No matter which probing method is used, when there are not many free slots in the hash table, the probability of a hash conflict is greatly increased. In order to ensure the operation efficiency of hash table as much as possible, in general, we will try to ensure that there is a certain percentage of free slots in the hash table.

We use load factor to indicate the number of free slots.

load factor = number of elements / length of the hash table

Advantages of Open Addressing

Better Cache Performance: This method often benefits from better cache performance due to data contiguity.
Space Efficiency: Open addressing does not require additional structures as all data is stored within the initial array.

Disadvantages of Open Addressing

Clustering: Certain probing techniques, especially linear probing, can lead to clustering where many consecutive elements become filled, slowing down the insertion and search processes.
Load Factor Limitations: Using this method leads to a more costly conflict. To ensure efficient operation, open addressing schemes require careful management of the load factor, usually keeping it below 0.7 or 0.8.

Chaining

Chaining is a straightforward and widely used method to handle collisions.
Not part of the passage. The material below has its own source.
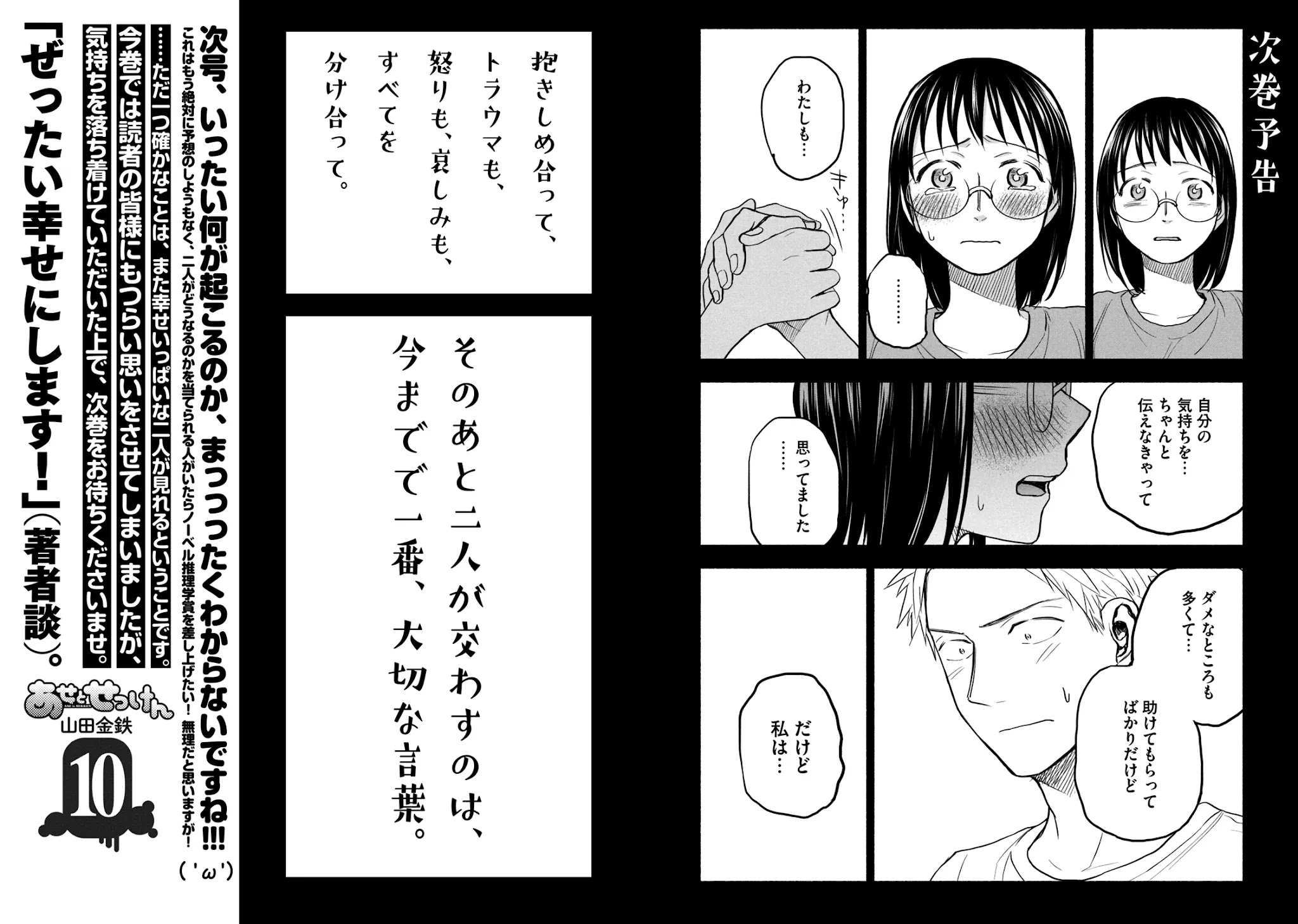 Sweat and Soap Chapter 80.1 page 5 - Chapter 80.1: Volume Extras + Afterword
In this approach, each slot contains a linked list (or another dynamic data structure like a tree) to store all the key-value pairs that hash to the same index.

Advantages of Chaining

Simplicity: Chaining is simple to implement and understand.
Stable Performance: The performance degrades gracefully; even in the worst case, the data structure degrades to a linked list or tree search.
Less Sensitive to Hash Functions: Chaining is more forgiving with non-ideal hash functions since the performance doesn’t degrade drastically if many keys hash to the same index.

Disadvantages of Chaining

Memory Overhead: Each entry requires additional memory for pointers in the linked lists or trees.
Cache Performance: Chaining can lead to poor cache performance due to non-contiguous memory storage of the entries.
Not Suitable for Serialisation: The Chaining method contains pointers, which are not as easy to serialise.

Reference:

Wang, Zheng (2019) The Beauty of Data Structures and Algorithms. Geek Time.